There is an option to continue the event on Monday, but that all depends on the conditions, the forecast and how much golf is left to be played.

Many of the players are involved in The Open in Kent next week and a charter plane for around 30 of them has been arranged, but when it leaves now has yet to be determined.

Joint leader McDowell said on Twitter: "Golf course a mess here in Scotland. There has been a landslide on one of the holes and all sorts."

Scotland's Colin Montgomerie needs a top-five finish in the competition in order to qualify for The Open, something he has managed every year since 1989.

"This is extreme, incredible, just freak conditions, end of the world stuff," he said.

"I've been 21 years without a break at The Open. It's a proud record and I don't want that record to break, but I'm running out of time now, especially with only a three-round event."

The 48-year-old currrently lies in joint 25th place at six under par, five strokes adrift of the leaders.

"They are having a big, big laugh - I would be if I was one of them," he added.

It is the first time the tournament has been played at Castle Stuart after it was moved from Loch Lomond.

Tournament director Peter Adams told BBC Scotland on Saturday morning: "We've had an enormous amount of rain overnight.

"It seems to be very isolated. Unfortunately, Castle Stuart seems to have had the worst of it.

"The forecast for this afternoon is for more rain and unfortunately for more thunderstorms, so it's a difficult period we are going through.

"We would've thought we would never be suspended due to rain here - it's just an uncharacteristically large amount.
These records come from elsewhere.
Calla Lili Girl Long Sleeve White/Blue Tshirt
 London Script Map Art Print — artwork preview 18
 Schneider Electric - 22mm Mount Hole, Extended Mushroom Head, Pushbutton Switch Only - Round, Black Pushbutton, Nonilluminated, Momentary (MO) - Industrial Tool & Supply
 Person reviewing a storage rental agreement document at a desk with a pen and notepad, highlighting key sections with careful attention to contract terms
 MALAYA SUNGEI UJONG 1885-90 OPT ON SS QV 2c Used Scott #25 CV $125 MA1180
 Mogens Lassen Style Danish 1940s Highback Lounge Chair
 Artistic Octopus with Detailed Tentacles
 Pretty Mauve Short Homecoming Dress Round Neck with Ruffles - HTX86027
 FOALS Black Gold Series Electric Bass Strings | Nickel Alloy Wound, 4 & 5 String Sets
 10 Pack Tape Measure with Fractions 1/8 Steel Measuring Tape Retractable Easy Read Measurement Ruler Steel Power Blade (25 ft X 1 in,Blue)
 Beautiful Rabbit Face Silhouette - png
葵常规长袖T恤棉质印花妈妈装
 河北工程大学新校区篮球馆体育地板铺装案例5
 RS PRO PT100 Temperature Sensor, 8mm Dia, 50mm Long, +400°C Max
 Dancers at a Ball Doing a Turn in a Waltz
"We do have the option to continue into Monday - we certainly have the golf course available to use.

"At the moment, it's too early to say what we would do. We are just assessing, as time goes on, our options.

"One of the great advantages we've got is that you could almost play here from five or six in the morning right through until 10 o'clock at night - that's a big advantage to us."

A bumper crowd had been expected over the weekend to see not only five of the world's top nine but also two home players at the top of the leaderboard and Colin Montgomerie - like Jamieson and many others - trying to earn a last-gasp spot in The Open.

That was going to the leading non-exempt player providing he finished in the top five.

Northern Ireland's McDowell, who won the event in 2008 at Loch Lomond, and Scottish pair Whiteford and Jamieson are unlikely to see play on Saturday, with organisers concentrating on completing the second rounds of 78 golfers.

Among those are the world's top two, Englishmen Luke Donald and Lee Westwood, who were both lying at seven under when play was called off for the day on Friday, having nine and seven holes respectively to complete.

Eight players who have little chance of surviving the cut withdrew from the tournament.